取りあえず頭を掻きむしってどう説明しようか考えた。
「あのな、好きってな、こードキドキしたりとか。
相手のことが気になったりとか。
後はだなぁ・・・」
幾ら説明してもガウリイにはピンとこないらしい。
なんで俺こんなやつの友達してるんだろ。
悩みながらも見捨てることは出来ず・・・
結果、益々深みにはまることになった。
「じゃあ、嫉妬はどうだ?」
「嫉妬?」
「そー、独占欲ってやつ」
これすらわからんって言われたら本気で友達やめようか。
半ば自棄になりながらルークが声を張り上げた。
「こいつを誰にも渡したくない。とか。
他の男と話してるのを見るだけでむかつく。

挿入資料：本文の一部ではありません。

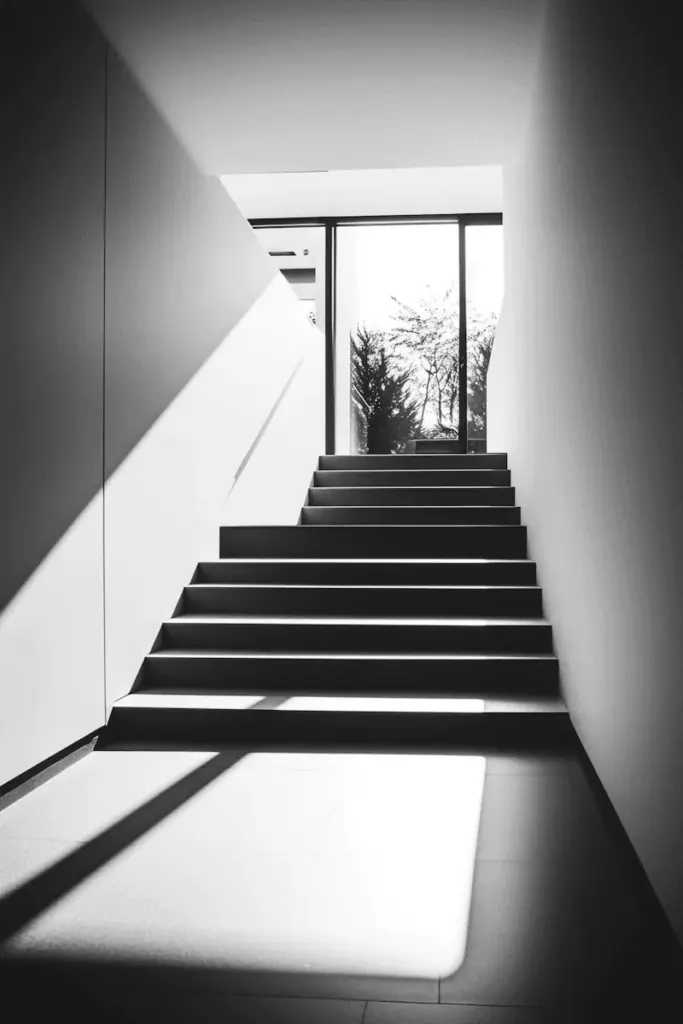 Concrete stairs rising toward a skylight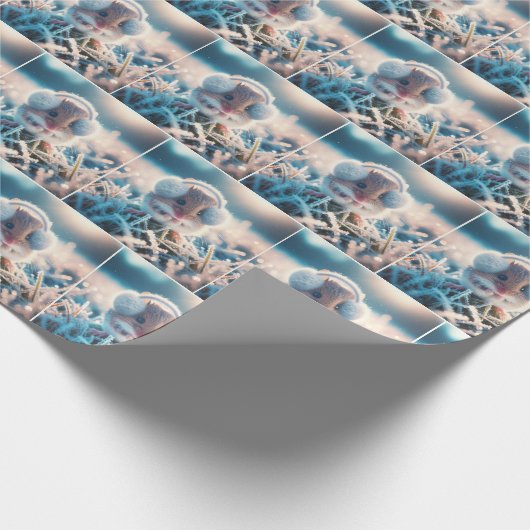 Wintermaus-Verschleißsteiger Geschenkpapier (Ecke)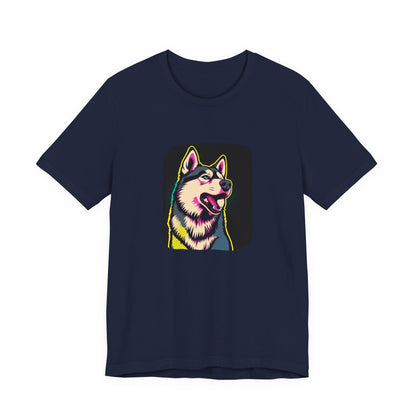 Pop Art Husky T-Shirt (Black)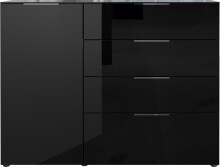 Sideboard >M-404< (BxHxT: 134x102x42 cm) in schwarz - 134x102x42cm (BxHxT)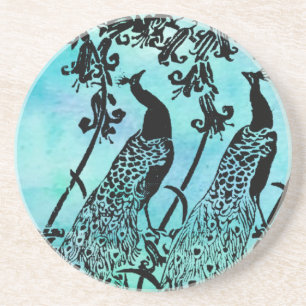 Vintage Art Nouveau Peacock Illustration Antique Coaster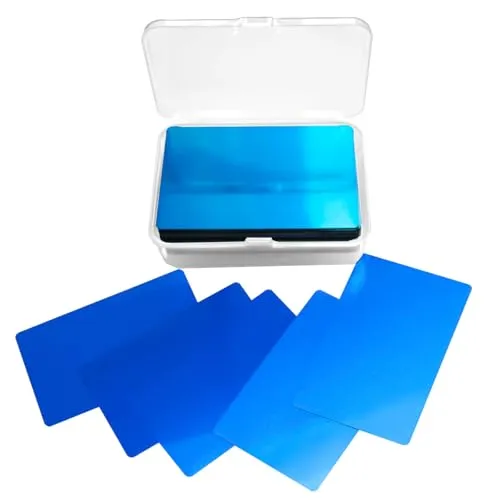 Boaby 50 Stück Metall Visitenkarten, Leere Visitenkarten Aus Aluminiumlegierung Visitenkarte Lasergravurkarte 0,22 mm/8,6 X 5,4 cm, Für Bürokundenkarten DIY Geschenk(Blau)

とか。
そーいうやつ」
「・・・」
黙り込んでしまったガウリイに等々ルークが泣きついた。
「本気でないのかよぉ。
じゃ、じゃあな、具体的な例を挙げるぜ」
これすらなかったら、どうしよう・・・
「あの小娘が他の男とキス・・・」
いい知れない殺気が部屋を流れる。
「リナが?」
手で遊んでいたグラスを机に置く音がやけに響いた。
瞬きもせず自分を見つめる蒼い瞳。
適温に保たれたれているはずの部屋で背中に汗が流れおちる。
「例えだって・・・
た・と・え!」
ミリーナ、助けてくれ。
俺、取り返しのつかないことしちまったかもしれねぇ。
さっきの何倍も真剣に祈りを捧げたがついに助けは来なかった。
「ルーク」
「な、なんだ」
飛び上がって返事をした。
「―――悪いがゼルを呼んできてくれ」
「あ、ああ」
ギクシャクと頷き廊下へ出る。
ドアを閉めた途端、壁にもたれ掛かるようにして座り込んだ。
尋常じゃねぇ。あれは。
自分のことは棚に上げそう思う。
「ルーク?」
「わかってるって!」
扉越しに掛かった声にルークは慌てて立ち上げり走り出した。



あのガキもかわいそうに。
それが奇しくもゼルガディスが思ったことと同じとは露とも思わないルークだった。